15 January 2019
NSW Health is again alerting passengers following diagnosis of two more cases of measles in returning travellers, bringing the total of overseas acquired cases notified since Christmas to six.

The most recent report is for two unvaccinated children who developed measles while returning from Sri Lanka, and were diagnosed with the infection in Sydney today.

The children were in the following locations while infectious:

Flight SQ221 from Singapore, arriving in Sydney at 07:40 on Friday January 11

  • ​Train from International Airport to Meadowbank via Central, arriving in Meadowbank at 09:30 on Friday January 11
  • Ryde Hospital Emergency Department from 07:40 – 09:30 on Sunday January 13
  • Carlingford Epping Surgery General Practice, 5 Lloyds Avenue, Carlingford from 09:30 – 10:30 Monday January 14
  • Douglas Hanly Moir Pathology at 5 Lloyds Avenue, Carlingford at 10:30 and 27 Rembrandt Street Carlingford at 10:50 Monday January 14

The children are now isolated and are recovering at home. The local public health unit is working with health services to contact other patients present at the same time and offering preventive treatment, if needed.

People who were on SQ221, at Sydney International Airport, or on the train from the airport to Meadowbank in the morning of January 11 should be alert for measles symptoms until January 29 as the time from exposure to the onset of symptoms is from a week to 18 days.

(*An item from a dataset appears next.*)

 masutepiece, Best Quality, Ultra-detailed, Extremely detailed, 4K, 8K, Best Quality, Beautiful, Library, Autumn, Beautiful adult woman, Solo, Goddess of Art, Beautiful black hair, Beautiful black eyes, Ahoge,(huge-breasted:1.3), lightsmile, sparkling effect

“If you develop symptoms please call ahead to your GP so that you do not wait in the waiting room with other patients,” Dr Sheppeard said. 

“The measles-mumps-rubella (MMR) vaccine is safe and highly effective protection against measles, and is available for free for those aged 1 to 52 from your GP.  If you are unsure whether you have had two doses, it is quite safe to have another dose.”

NSW Health once again urges people travelling to south-east Asia where measles is prevalent to ensure they are fully vaccinated before heading overseas.

Outbreaks of measles in popular tourist destinations means the risk for measles being imported into Australia at the moment is high.

Measles is highly contagious and is spread in the air through coughing or sneezing by someone who is unwell with the disease.

Symptoms of measles include fever, sore eyes and a cough followed three or four days later by a red, blotchy rash spreading from the head and neck to the rest of the body.